- [Supplied data]:
◆ ◆ ◆

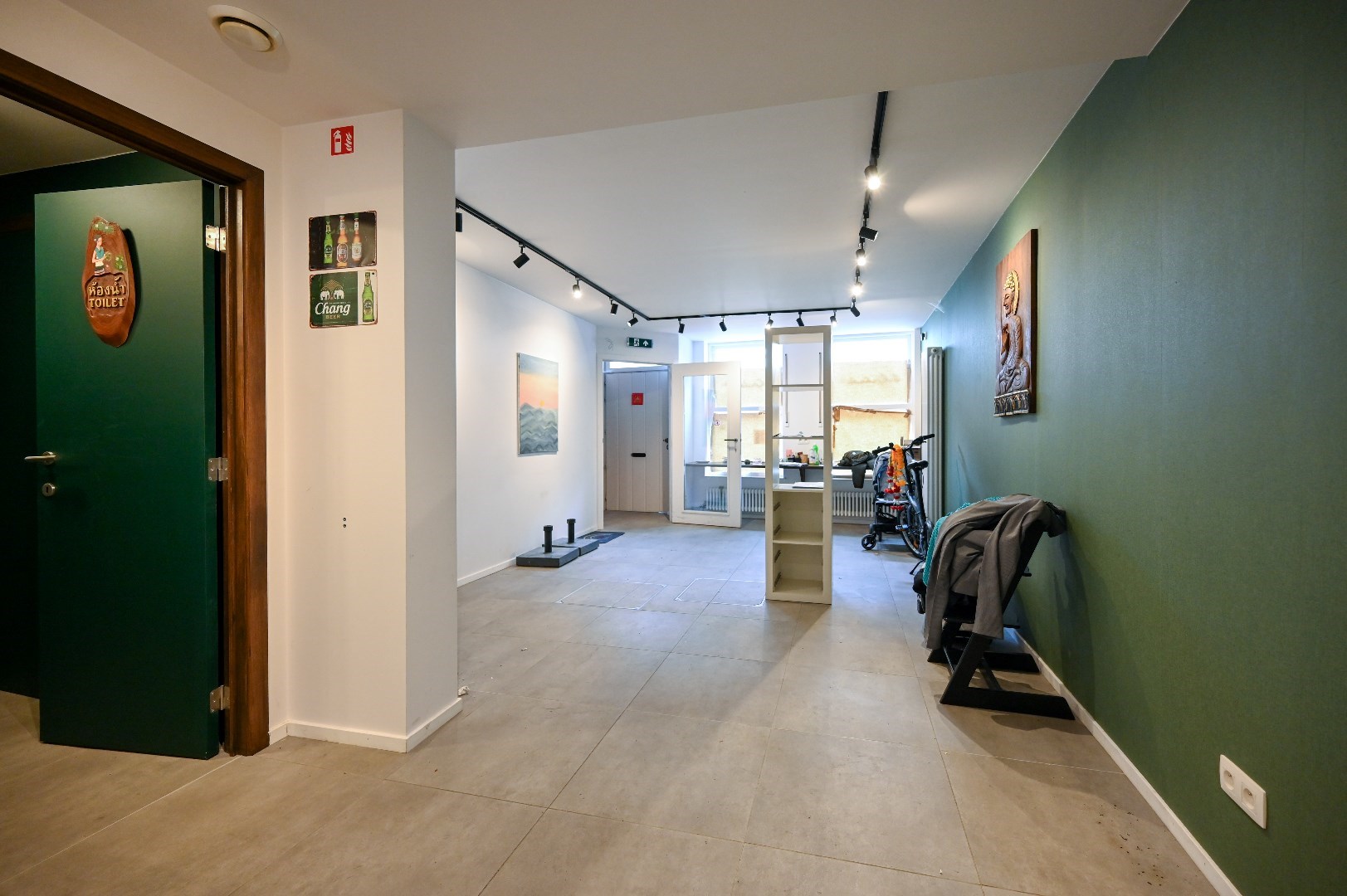 Handelshuis met afzonderlijke woonst op commerciële toplocatie - foto 4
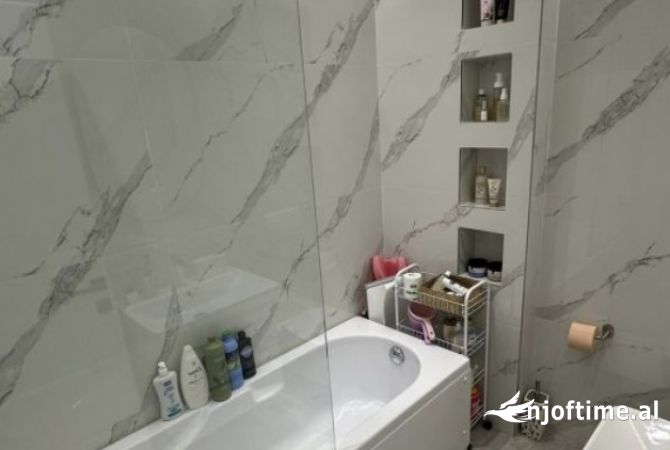 Shtepi ne shitje Apartament ne Tirane, 2+1, Mobilimi E mobiluar, Pagesa 190,000  Euro.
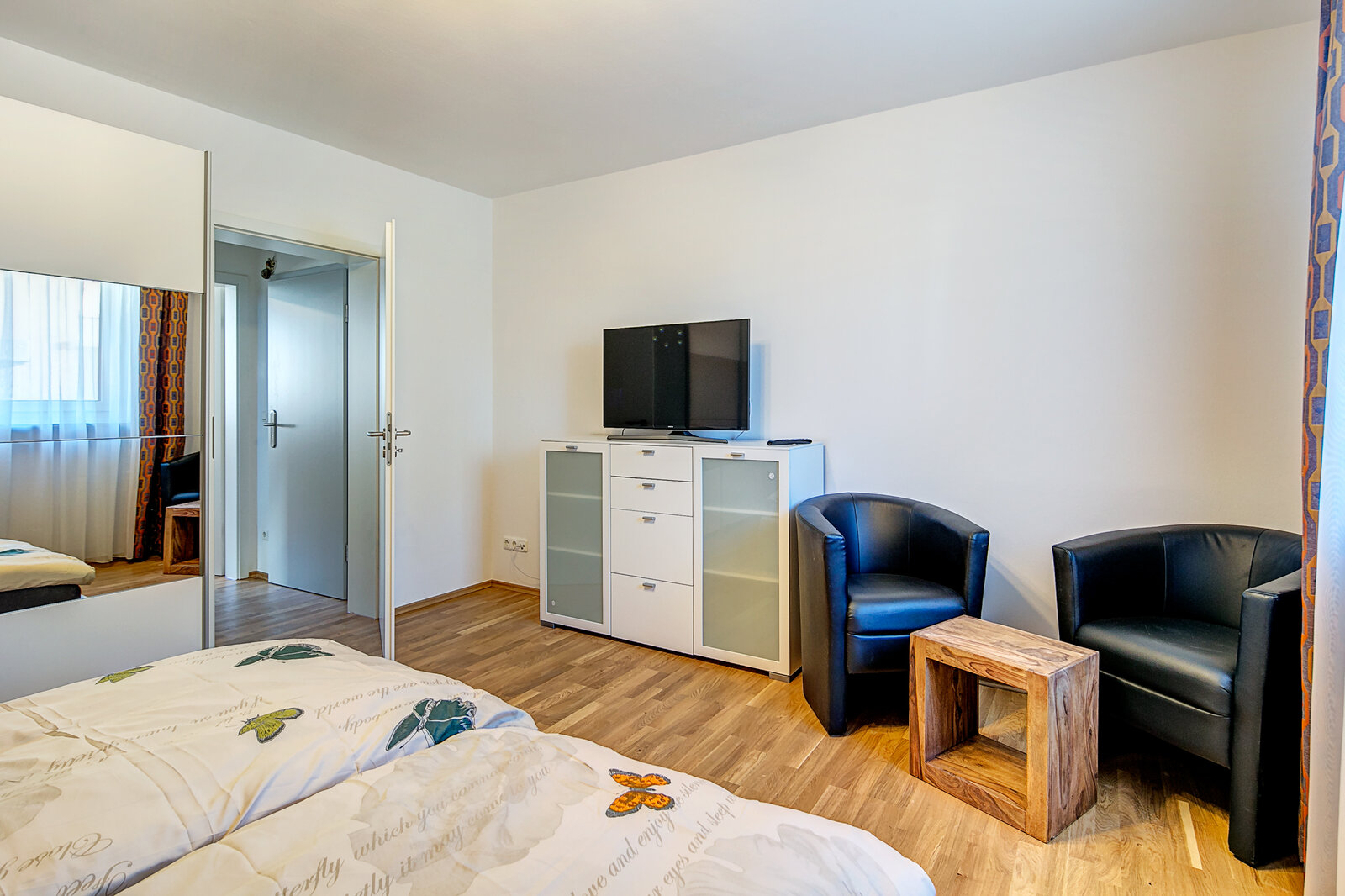 Spacious, furnished studio apartment - Photo 4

◆ ◆ ◆

- [Description of the task]: Return the whole listing, word for word, and leave out every picture.

- [Task solution]:
 Handelshuis met afzonderlijke woonst op commerciële toplocatie - foto 4
 Shtepi ne shitje Apartament ne Tirane, 2+1, Mobilimi E mobiluar, Pagesa 190,000  Euro.
 Spacious, furnished studio apartment - Photo 4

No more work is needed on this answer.